**What this task involves**
Here is a block of records. Copy every line in it that includes "Used".

Short text fragments from websites:
****************************************
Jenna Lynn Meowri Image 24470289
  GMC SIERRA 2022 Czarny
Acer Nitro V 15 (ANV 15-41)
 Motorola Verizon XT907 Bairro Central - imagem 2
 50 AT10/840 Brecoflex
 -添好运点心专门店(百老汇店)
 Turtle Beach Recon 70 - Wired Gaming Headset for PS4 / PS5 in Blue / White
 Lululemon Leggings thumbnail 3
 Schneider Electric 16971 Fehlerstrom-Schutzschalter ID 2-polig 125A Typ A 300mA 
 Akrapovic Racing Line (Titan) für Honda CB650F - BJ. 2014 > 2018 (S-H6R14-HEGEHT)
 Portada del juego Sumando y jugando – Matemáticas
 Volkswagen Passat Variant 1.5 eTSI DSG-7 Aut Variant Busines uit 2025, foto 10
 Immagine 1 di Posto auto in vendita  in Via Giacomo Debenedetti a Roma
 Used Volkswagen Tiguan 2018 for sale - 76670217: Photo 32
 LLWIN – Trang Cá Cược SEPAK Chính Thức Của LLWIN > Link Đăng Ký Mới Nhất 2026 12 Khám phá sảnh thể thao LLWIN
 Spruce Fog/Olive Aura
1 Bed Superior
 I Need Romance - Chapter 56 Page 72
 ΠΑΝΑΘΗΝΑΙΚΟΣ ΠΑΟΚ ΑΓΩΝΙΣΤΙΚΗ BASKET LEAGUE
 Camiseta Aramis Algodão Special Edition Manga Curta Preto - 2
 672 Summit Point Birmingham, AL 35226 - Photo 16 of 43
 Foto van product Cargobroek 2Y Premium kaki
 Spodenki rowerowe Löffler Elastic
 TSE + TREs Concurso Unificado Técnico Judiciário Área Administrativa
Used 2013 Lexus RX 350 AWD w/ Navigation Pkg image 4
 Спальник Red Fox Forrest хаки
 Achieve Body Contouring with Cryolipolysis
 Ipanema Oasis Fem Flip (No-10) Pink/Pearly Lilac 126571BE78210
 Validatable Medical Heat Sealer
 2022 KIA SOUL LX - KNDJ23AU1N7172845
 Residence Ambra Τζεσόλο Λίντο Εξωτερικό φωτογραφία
****************************************
**Solution**
 Used Volkswagen Tiguan 2018 for sale - 76670217: Photo 32
Used 2013 Lexus RX 350 AWD w/ Navigation Pkg image 4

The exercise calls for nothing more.